> **MATERIAL PROVIDED**
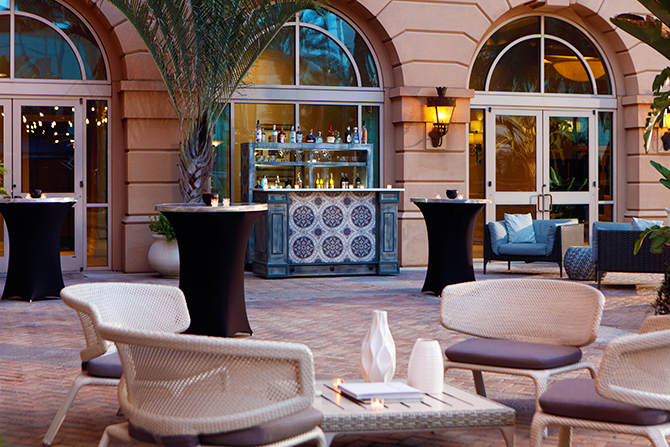 Tampa, Florida LGBT Friendly Wedding Hotel - Renaissance Tampa International Plaza Hotel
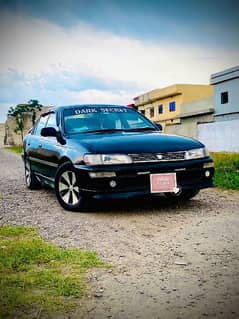 Toyota Corolla 2.0 D 2001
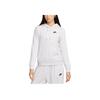Sportswear Club Fleece Pullover Hoodie Women Hoodies Birch DQ5794-051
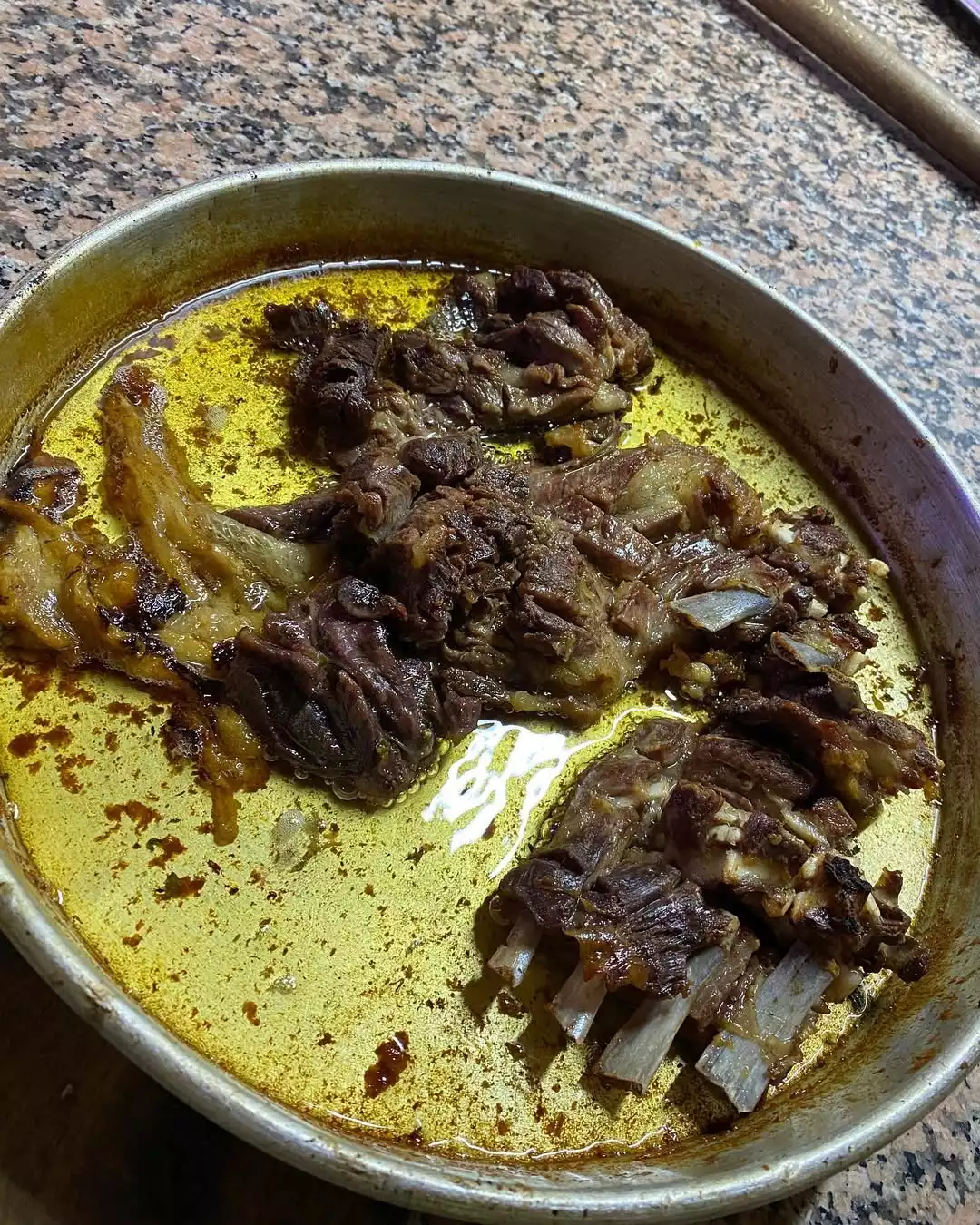 Kuru kebap, Hacı'nın Yeri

> **WHAT THE EXERCISE ASKS**
Your copy must consist solely of the lines from the one containing "Sportswear Club Fleece" through the final line of the material above, transcribed exactly, with the pictures left out.

> **OUTPUT**
Sportswear Club Fleece Pullover Hoodie Women Hoodies Birch DQ5794-051
 Kuru kebap, Hacı'nın Yeri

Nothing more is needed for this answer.